F1, le pagelle del GP Australia di Leo Turrini: bravi i tre a podio, rinascita Hamilton
Applausi per Russell, per il nostro Kimi e Carletto Leclerc: lo ri tre a podio nella gara inaugurale di Melbourne. Ma oggi non è passato inosservato il risveglio di Sir Lewis. Qui tutti i voti della prima gara 2026. Il Mondiale torna dal 13 al 15 marzo in Cina: tutto live su Sky e in streaming su NOW
A cura di Leo Turrini
RUSSELL - 9,5
- Chiaramente è il favorito per la conquista del titolo. Il barbatrucco Mercedes sul motore gli permette di andare sul velluto, una volta riassorbita l’esuberanza di Leclerc. Gli piace vincere facile.
ANTONELLI - 7,5
- Peccato per lo start infelice, che gli complica la vita. Poi rimonta alla grande e il secondo posto è un buon risultato. Ma per battere Russell deve essere perfetto.
LECLERC - 8,5.
- Azzecca una partenza da urlo, finché può lotta con unghie e denti con Russell. Sale sul gradino più basso del podio e se la Scuderia gli dà una mano (anche politicamente, eh), allora chissà.
HAMILTON - 8.
- Toh, chi si rivede. Forse la miglior prestazione da quando è vestito di Rosso. Fa anche qualche giro in testa. Redivivo e tagliente al solito con la lingua nei messaggi via radio. E sabato c’è la Sprint in Cina che evoca dolci ricordi.
PIASTRI - 0
- Oddio, magari la colpa è della macchina e lui non c’entra, però non raggiungere nemmeno la griglia di partenza nel Gp di casa, insomma…
NORRIS - 5,5
- Come si cambia per non morire. Aveva detto che la nuova F1 gli piaceva, poi si è pentito e ha detto che fa schifo. Al netto della incoerenza, se la McLaren è questa fa fatica a difendere il titolo. Molta fatica…
LINDBLAD - 8
- Era l’Absolute Beginner di Melbourne, l’unico esordiente assoluto. Lascia una eccellente impressione. Benvenuto!
LAWSON - 5,5
- Prende paga dal collega di lavoro Lindblad e la cosa è escluso possa fargli piacere.
HULKENBERG - N.G
- La prima volta con la Audi di Binotto e’ rimandata alla prossima tappa del mondiale.
BORTOLETO - 7
- E’ lui a regalare i primi punti iridati al brand Audi in salsa Binotta.

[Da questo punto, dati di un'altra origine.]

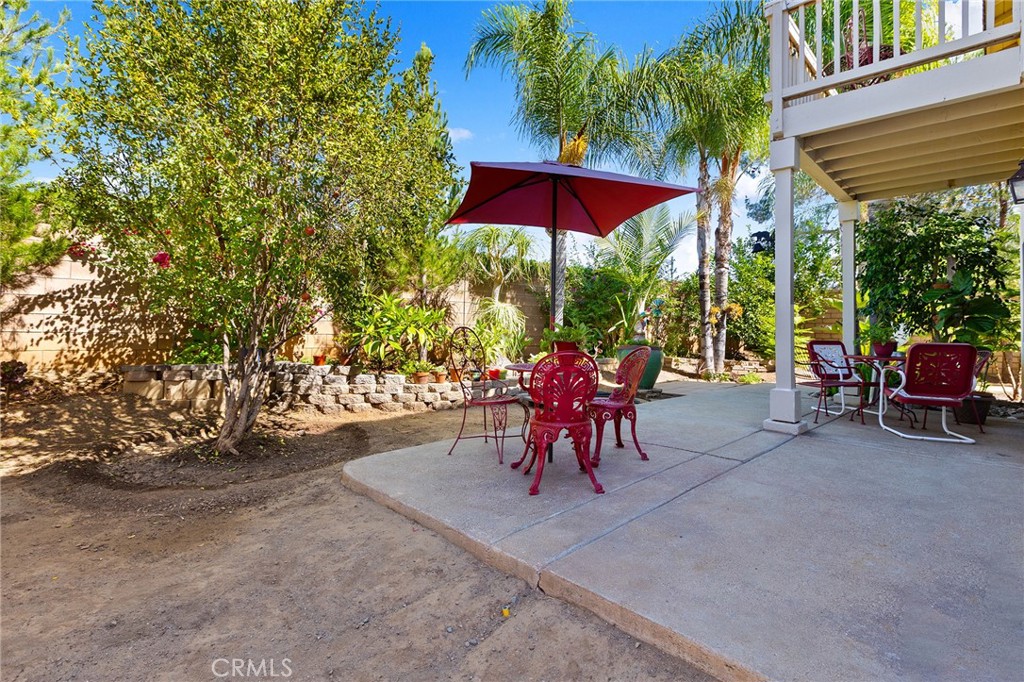 28728 Sunridge Court Property Photo 46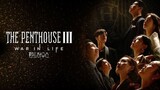The Penthouse: War in Life S3 Ep3 (Korean drama) 720p With Eng sub
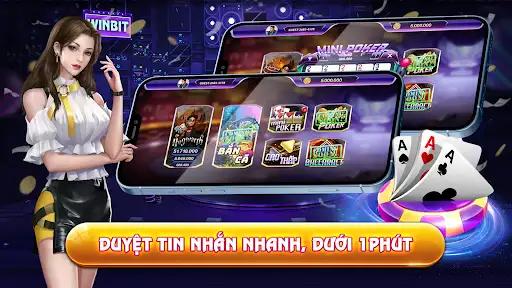 cwin288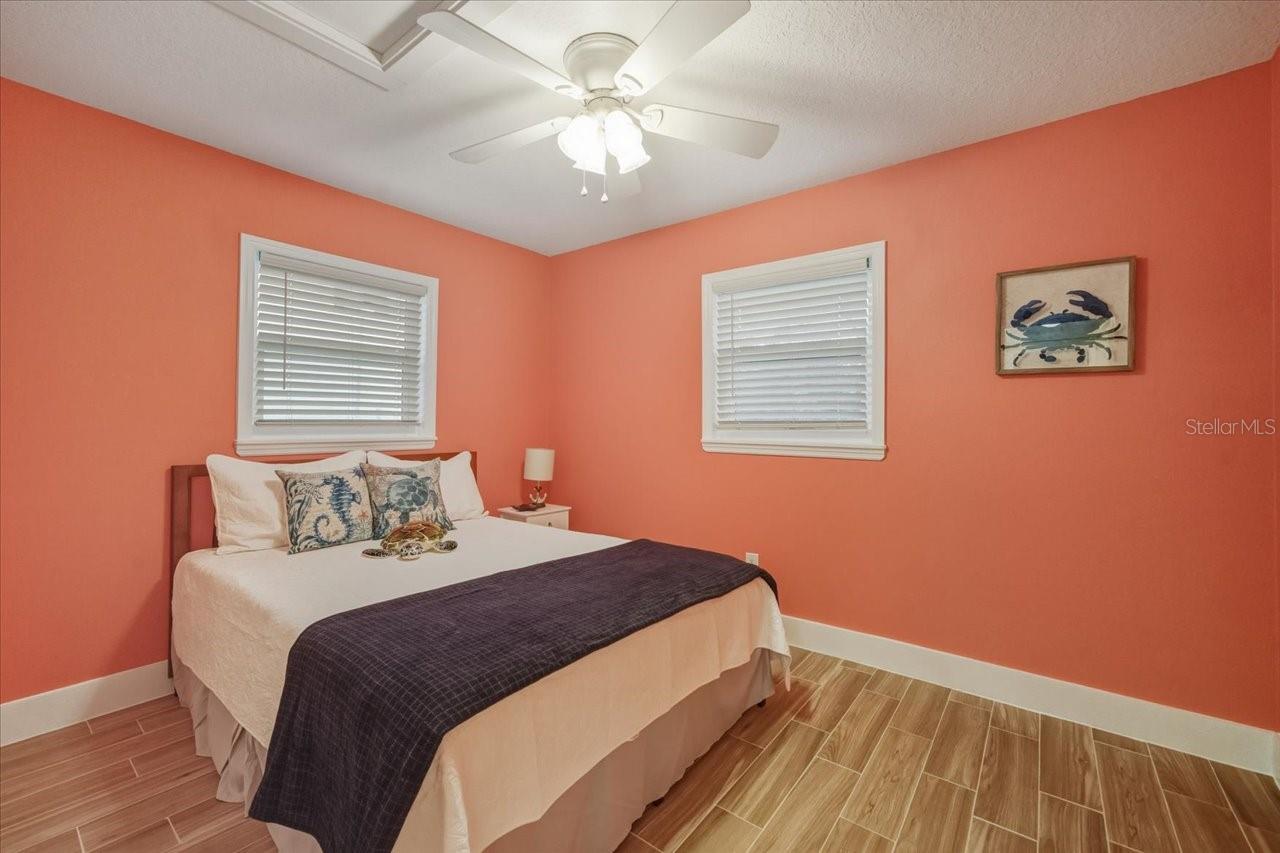 Image 32 of 70 For 3288 Minnow Creek Drive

Conferma di essere un driver molto solido
VERSTAPPEN - 7,5
- Scattava dal fondo causa errore del sabato. Rimonta con il solito piglio alla SuperMax ma nel finale non riesce a scavalcare Norris.
HADJAR - 7
- Non stava correndo male, dopo una eccellente qualifica. Ma il motorone Made in Red Bull esplode come una lattina sgasata. Peccato.
BEARMAN - 7,5
- L’Orsetto graffia sempre. Porta a punti la Haas ed è un gran risultato.
OCON - 6
- Litiga in pista con Gasly e questo è un classico noir francese. Può fare meglio.
ALONSO - 10 E LODE
- Questo è un voto alla carriera, nel giorno delle nozze d’argento con la F1. Ma è anche un premio alla resilienza del personaggio: purtroppo per Fernando, non ci sono più i giapponesi di una volta.
STROLL - 6
- Per onestà intellettuale, sarà qui ricordato che pure il figlio del papà proprietario di Aston Martin deve fare i conti con l’apocalittico disastro Honda.
BOTTAS - 5,5
- Il debutto in Cadillac del Conte di Montecristo finlandese dura meno di venti giri.
PEREZ - 5,5
- Il Revenant messicano perde pure i pezzi della sua Cadillac ma se non altro vede la bandiera a scacchi.
SAINZ - 5
- Non pervenuto. Oggettivamente la colpa non è sua, la Williams è inguardabile. Ma Albon ha fatto un filo meglio.
ALBON - 6
- Arriva davanti al compagno di squadra spagnolo.
GASLY - 6,5
- Prende un punto per la Alpine motorizzata Mercedes.
COLAPINTO - 5,5
- Il Gaucho comincia la stagione in retromarcia.